Renewable energy is the safe and cost-effective pathway to sustainable development. The importance and scope of sustainable development is articulated by Sustainable Development Goals (SDGs) which offer a blueprint for sustainable development with clear emphasis on climate action and green growth.

Uganda, like other parties to the 2015 Paris Agreement on climate change committed to keeping global average temperature rise to below two degrees Celsius while aspiring to keep the temperature rise to 1.5 degrees Celsius compared with pre-industrial levels of 1880. EACOP will frustrate our Paris goals.

Instead of keeping fossil fuels in the ground in an existential battle against climate change, EACOP – the longest heated oil pipeline the world has ever seen – will transport crude oil at 50 degrees. The result will be a yearly pumping of 34 million tonnes of carbon dioxide into the atmosphere to worsen climate change and pollution contrary to both the Paris Agreement goals and SDG 13 on climate action.

EACOP haunts Uganda with the spectre of oil spills that beckon not as an accusation against EACOP but as matter of engineering reality. The Guardian quotes US engineer Bill Powers clarifying that EACOP is bound to lead to oil spills besides producing enormous waste with heavy metals and toxic substances.

The havoc spills can wreak in oil-extraction communities will soon be witnessed unless we stop EACOP. Remember the Niger delta where oil spills wreaked poverty, death and disease to especially the Ogoni people of Nigeria?

Uganda and Tanzania should not drive themselves into an Ogoni tragedy and sacrifice communal livelihoods on the altar oil money. Life and nature are more precious than oil money.

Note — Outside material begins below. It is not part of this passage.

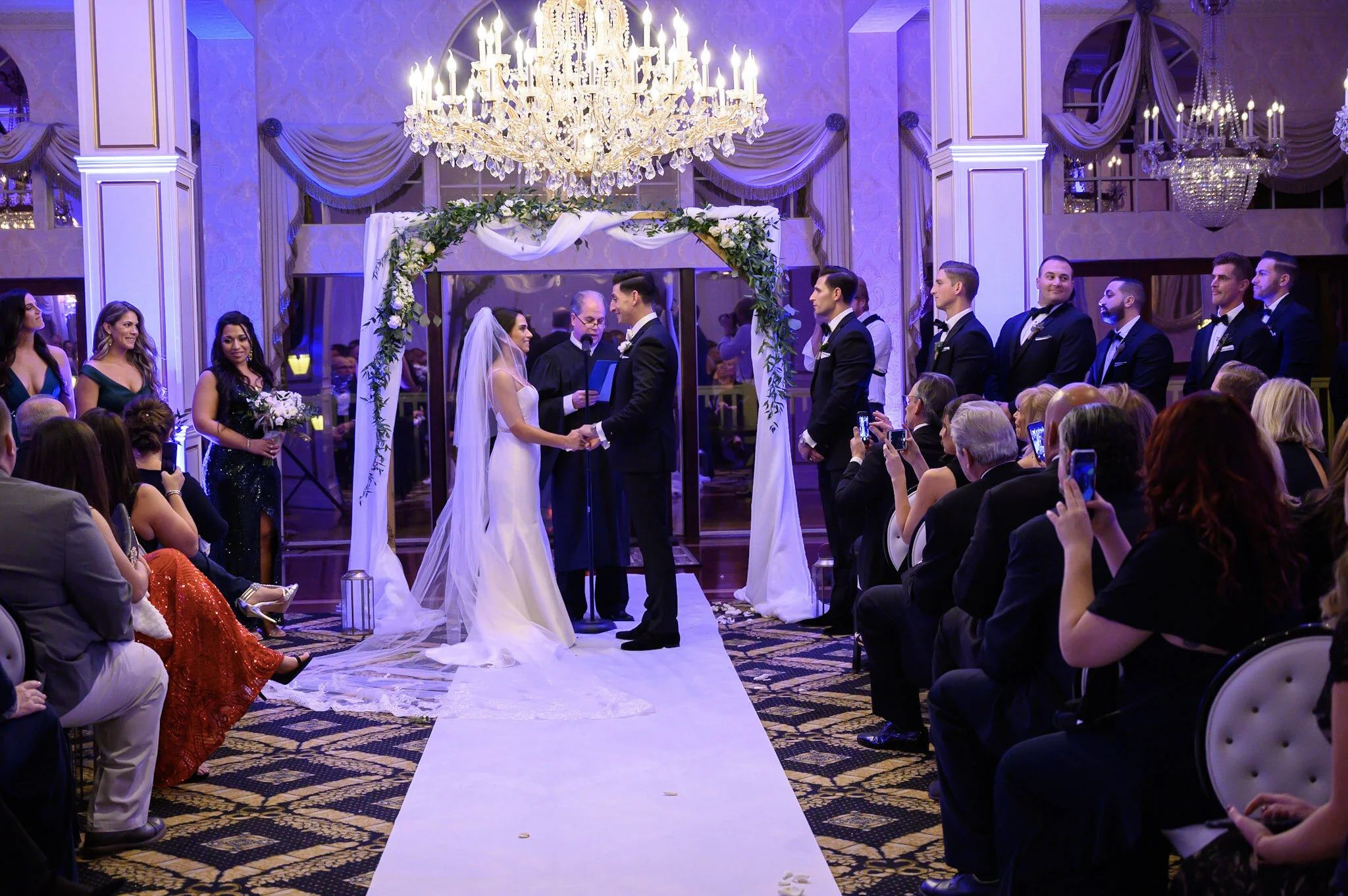A wedding ceremony inside a grand hall with chandeliers, white floral arch, bride and groom holding hands, officiant in black robes, bridesmaids in green dresses, groomsmen in tuxedos, guests seated and taking photos.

Adding to the environmental, health and economic injuries EACOP will inflict on East Africa is the bitter salt of the opacity and sheer lack of transparency about oil activities in the Albertine region and the oil agreements. Even Parliament of Uganda passed the EACOP laws without accessing key oil agreements.

A delegation of EU diplomats was blocked from accessing the oil infrastructure in 2021. One Ugandan human rights lawyer once survived arrest for trying to photograph oil infrastructure in the Albertine basin. Some journalists, lawyers and student protestors focusing on EACOP have suffered arrest, detention, intimidation or offices closures.

All natural resources require good governance. Oil demands a competent steward. We have a wrong oil steward in President Museveni who personalises the black gold as his oil. Under his unending reign, corruption, militarism, arbitrariness and human rights violations including torture are rife.

That is just like oily Nigeria under military dictator Sani Abacha. Military dictators just cannot harness dirty oil money for their people. The steward Uganda has, simply cannot and is incapable, by his guerrilla/military character and background, of delivering oil dividends to the people of Uganda.

Without good governance underpinned by rule of law, good governance, accountability, transparency, genuine and informed public participation and respect for human rights, the little oil money Uganda will get compared to the mammoth profits Total Energies will reap, will elude Ugandans.